Collaborative Threshold Watermarking
Tameem Bakr ⋅ Anish Ambreth ⋅ Nils Lukas
Abstract
In federated learning (FL), $K$ clients jointly train a model without sharing raw data. Because each participant invests data and computing power, clients need mechanisms to later prove the provenance of a jointly trained model. Model watermarking embeds a hidden signal in the weights, but naive approaches either do not scale with many clients (per-client watermarks dilute as $K$ grows) or give any individual client the ability to verify (and potentially remove) a shared-key watermark.

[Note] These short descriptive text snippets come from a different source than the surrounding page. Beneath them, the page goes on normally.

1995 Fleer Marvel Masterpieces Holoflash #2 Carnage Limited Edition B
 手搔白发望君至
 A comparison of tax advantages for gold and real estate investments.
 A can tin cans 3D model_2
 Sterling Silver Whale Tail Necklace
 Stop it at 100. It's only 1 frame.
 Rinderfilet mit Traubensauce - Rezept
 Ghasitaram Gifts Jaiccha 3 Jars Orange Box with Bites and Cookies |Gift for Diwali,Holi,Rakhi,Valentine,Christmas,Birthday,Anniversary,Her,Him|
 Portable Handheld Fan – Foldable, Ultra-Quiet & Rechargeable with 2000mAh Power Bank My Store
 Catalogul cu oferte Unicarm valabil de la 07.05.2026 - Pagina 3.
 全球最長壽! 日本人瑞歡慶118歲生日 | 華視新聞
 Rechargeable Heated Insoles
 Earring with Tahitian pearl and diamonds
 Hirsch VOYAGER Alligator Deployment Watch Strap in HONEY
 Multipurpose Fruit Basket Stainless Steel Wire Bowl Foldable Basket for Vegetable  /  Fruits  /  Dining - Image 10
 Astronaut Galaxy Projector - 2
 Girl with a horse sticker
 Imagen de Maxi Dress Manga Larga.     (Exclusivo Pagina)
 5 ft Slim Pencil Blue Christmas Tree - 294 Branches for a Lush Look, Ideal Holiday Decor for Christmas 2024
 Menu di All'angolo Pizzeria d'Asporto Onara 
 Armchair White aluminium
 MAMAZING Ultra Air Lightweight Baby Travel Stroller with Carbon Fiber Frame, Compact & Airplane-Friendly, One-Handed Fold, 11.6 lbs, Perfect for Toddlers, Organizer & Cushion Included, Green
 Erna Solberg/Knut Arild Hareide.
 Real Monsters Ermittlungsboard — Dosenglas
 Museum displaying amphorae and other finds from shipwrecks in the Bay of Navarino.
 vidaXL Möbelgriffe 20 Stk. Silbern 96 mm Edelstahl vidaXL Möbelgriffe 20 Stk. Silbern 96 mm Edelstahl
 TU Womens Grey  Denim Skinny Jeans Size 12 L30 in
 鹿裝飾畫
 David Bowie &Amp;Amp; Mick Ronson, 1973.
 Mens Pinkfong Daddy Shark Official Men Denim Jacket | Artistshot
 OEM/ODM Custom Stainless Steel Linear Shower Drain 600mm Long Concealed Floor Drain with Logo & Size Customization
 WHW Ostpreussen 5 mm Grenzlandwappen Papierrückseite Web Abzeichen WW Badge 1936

We introduce $(t,K)$-threshold watermarking: clients collaboratively embed a single watermark during training, while only coalitions of at least $t$ clients can reconstruct the watermark key and verify a suspect model, but any coalition of fewer than $t$ clients learns nothing about the watermark beyond the verification output. We instantiate our protocol in the white-box setting and evaluate on CIFAR-10, CIFAR-100, and Tiny ImageNet. Our watermark remains detectable at scale (up to $K=128$) with minimal accuracy loss and stays above the detection threshold ($z\ge 4$) under 90% pruning, 4-bit quantization, and adaptive fine-tuning using up to 20% of the training data.